眠れない夜は、きみの声が聴きたくて
*
誘われるがまま入部した写真部。適当に最初だけ参加して、しばらく経ったら他の人たちと同じように幽霊部員になるつもりだったのに……。
なぜか今日も私は放課後に三浦と一緒にいた。
「とりあえず草とりしようぜ!」
「は? なんで?」
「だって土を作んないと種撒いても育たないだろ」
「……面倒くさ」
私は荒れ放題の花壇にため息をつく。
『今日はいいものがある』なんて言うから中庭まで付いてきたものの、三浦が意気揚々と見せてきたのはポチ袋に入った小さな種だった。どうやら国語の先生からもらったらしい。

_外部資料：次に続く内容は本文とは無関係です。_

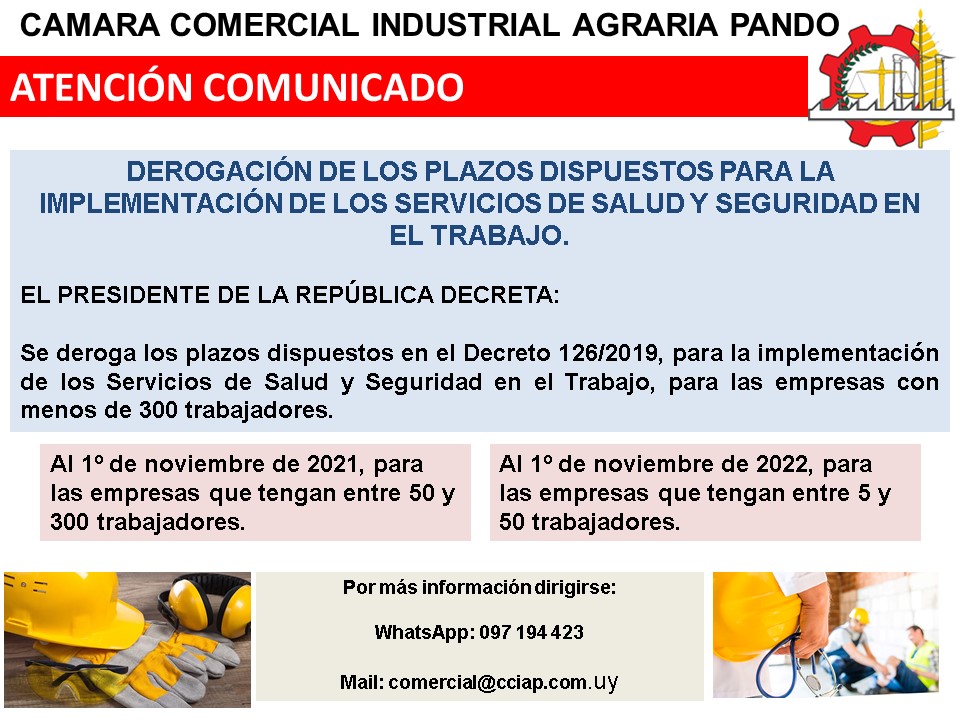 comunicación decreto derogación plazos servicios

この学校に園芸部がないため、先生たちが交代で敷地内にある草花を手入れしてることは知っていた。
おそらくなにかの手伝いをしたお礼に種をもらったんだろうと予想する。
「……なんの種?」
「品種はわかんないけどなんかの花だと思う」
「そりゃ、そうでしょ。野菜が生えてきたらびっくりするよ」
「野菜かあ……いいな、それ!」
ヤバい、余計なことを言うんじゃなかった。
三浦は宣言どおり綺麗なものをスマホで撮るということを続けていた。
綺麗なものと言っても縛りがあるわけではなく、その時に見つけたものや、その瞬間に目に入ったものを撮るだけでもいいらしい。しかも今回は花を一から育てて写真を撮ろうとしている。
こんな活動になんの意味があるんだろう。
本当に草取りを始めた三浦を横目に、私はまだ前向きになれていない。